I believe this was compliant at one time. It may have been only for festoon lighting. Not 100% sure though. I'll look into my old code books tomorrow morning. Maybe it will be answered by then.


----------



## telsa (May 22, 2015)

You're a residential electrician.

#8... explain that.

Are you from Chicago ?


----------



## brodgers (Aug 5, 2007)

Not from Chicago. Worked in a residence Friday where everything in the basement was ran with pipe for whatever reason. The only NM-B I saw was above the panel that came down from the first floor.

#8 = 8 gauge copper THHN.



telsa said:


> You're a residential electrician.
> 
> #8... explain that.
> 
> Are you from Chicago ?


----------



## MechanicalDVR (Dec 29, 2007)

I've seen that before in buildings built in the 60s!


----------



## hardworkingstiff (Jan 22, 2007)

I think I remember seeing it in an example in the handbook some decades ago.
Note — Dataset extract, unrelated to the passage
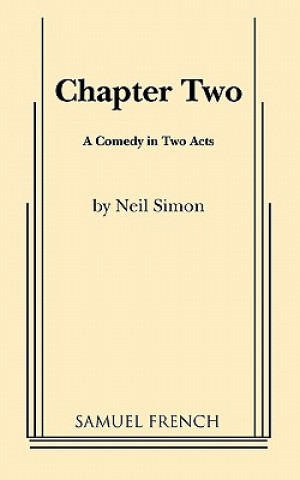 Kniha CHAPTER TWO Neil Simon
Using a #8 neutral like you explained. I'm pretty sure it was compliant at one time.


----------



## MechanicalDVR (Dec 29, 2007)

hardworkingstiff said:


> I think I remember seeing it in an example in the handbook some decades ago. Using a #8 neutral like you explained. I'm pretty sure it was compliant at one time.
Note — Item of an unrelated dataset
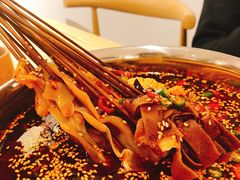 -长颈鹿的口袋钵钵鸡(市南店)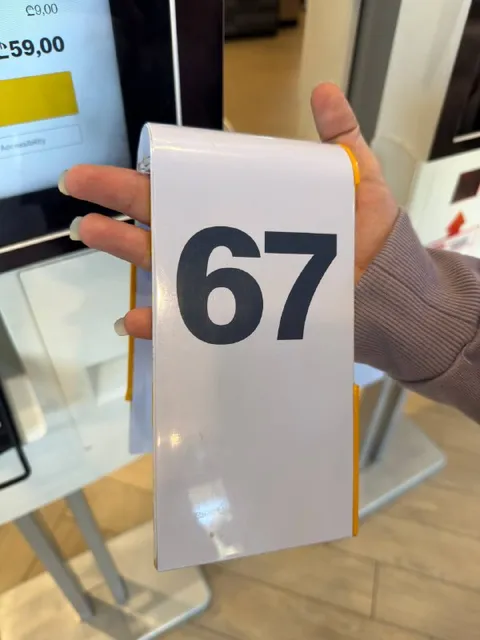 Талончик 67 и цена 59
But so was using asbestos insulation and you see how that ended up!


----------



## frenchelectrican (Mar 15, 2007)

RePhase277 said:


> I believe this was compliant at one time. It may have been only for festoon lighting. Not 100% sure though. I'll look into my old code books tomorrow morning. Maybe it will be answered by then.


It was legal in old days and it was kinda semi common to do that when they ran the junction box above the old style load centre.
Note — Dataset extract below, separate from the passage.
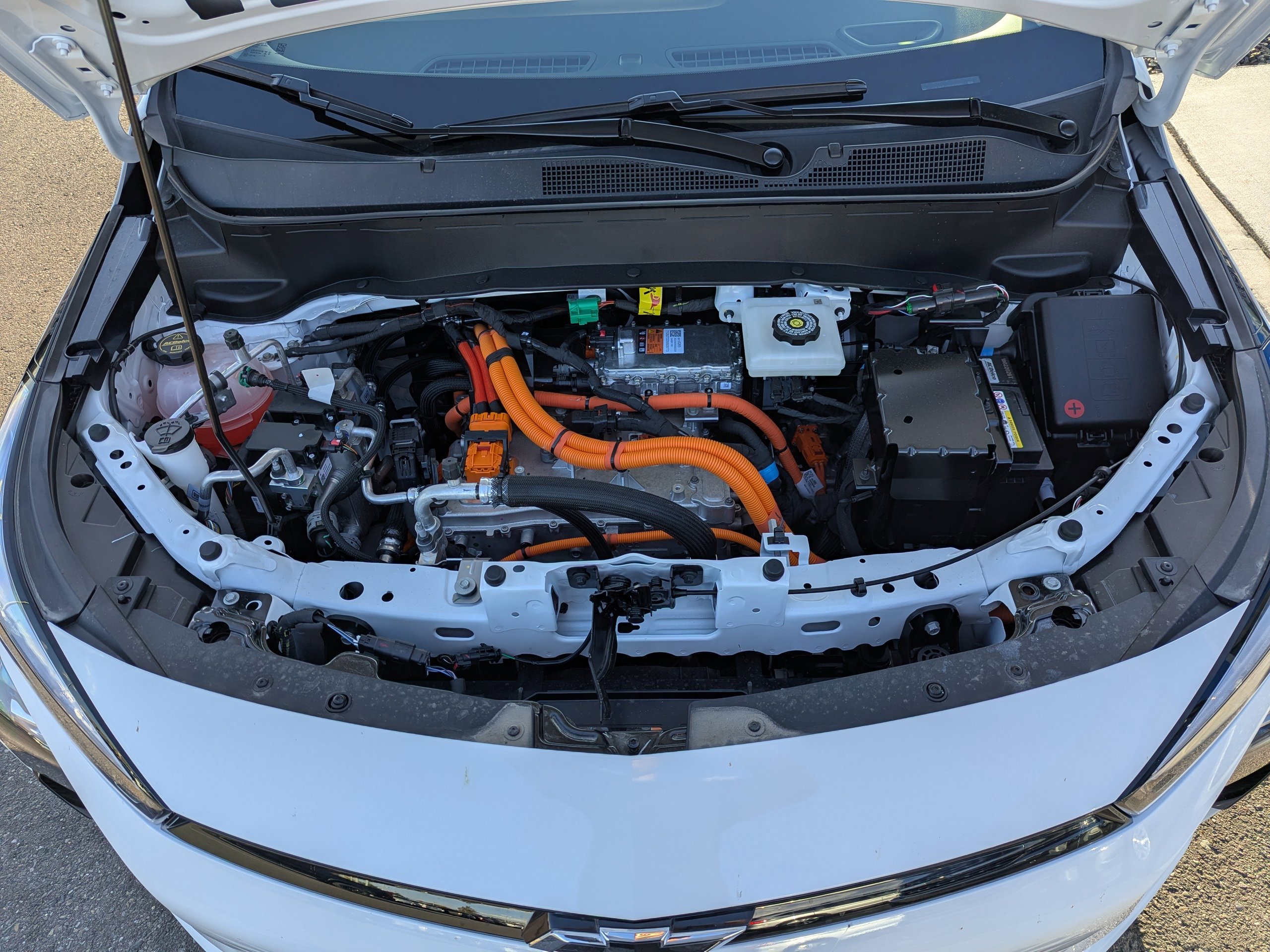 2027 Chevrolet Bolt RS - Photo 43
Ya festoon lighting is one of them. 

Ditto with some parking lot lumaires done simauir fashion. 

I did look up in old 1984 NEC code book and seems it kinda not really mention too much at all but I am aware the older editions did allow that time so pretty much legit in that era.


----------



## active1 (Dec 29, 2009)

The term was Super Neutral.

Not common. But as far as I can tell and remember legal until 2011 NEC.
Before that into the 1990's there was no 200.4.
The advantage would be number of conductors in a raceway.
The weakness would be the splice method from the super to all the smaller neutrals.
If landed on an insulated neutral bar in a can, what could go wrong.
A blue wire nut could get ugly. Especially if each circuit branches off a few different ways from that super neutral box. 

2011 200.4 (New text added) Neutral conductors shall not be used for more than 1 branch circuit, or more than 1 mulitwire branch circuit, or more than 1 set of ungrounded feeder conductors unless specifically otherwise in the code.

2014 The above text was changed to 200.4(A), with (B) added (requirements of identifying the neutrals).

Multiwire circuits in the code is just like gun control.
Just keep taking away your right to share the white.
A few years from now electricians will be asking why there is only 1 neutral for 2 or 3 hots on a branch circuit.


----------



## brodgers (Aug 5, 2007)

Thank you for the help! I typically don't do much conduit beyond sleeving NM-B down basement walls. Coming across the "super neutral" threw me. I left alone the splice between the smaller neutrals and the super neutral.

The use of a super neutral make sense...it's a shame it has been removed. Just like other things being done in the code to protect the unqualified hacks.


----------



## emtnut (Mar 1, 2015)

brodgers said:


> Thank you for the help! I typically don't do much conduit beyond sleeving NM-B down basement walls. Coming across the "super neutral" threw me. I left alone the splice between the smaller neutrals and the super neutral.
> 
> The use of a super neutral make sense...it's a shame it has been removed. Just like other things being done in the code to protect the unqualified hacks.


There's a circuit that will never have an AFCI :001_unsure:


----------



## RePhase277 (Feb 5, 2008)

emtnut said:


> There's a circuit that will never have an AFCI :001_unsure:


Why is that a bad thing?


----------



## emtnut (Mar 1, 2015)

RePhase277 said:


> Why is that a bad thing?


Because it would be 100% safer with AFCIs :tt2:


----------



## RePhase277 (Feb 5, 2008)

emtnut said:


> Because it would be 100% safer with AFCIs :tt2:


Oh yeah. I forgot.


----------



## MechanicalDVR (Dec 29, 2007)

emtnut said:


> Because it would be 100% safer with AFCIs :tt2:


I thought that safety factor only applied to exterior main disconnects?


----------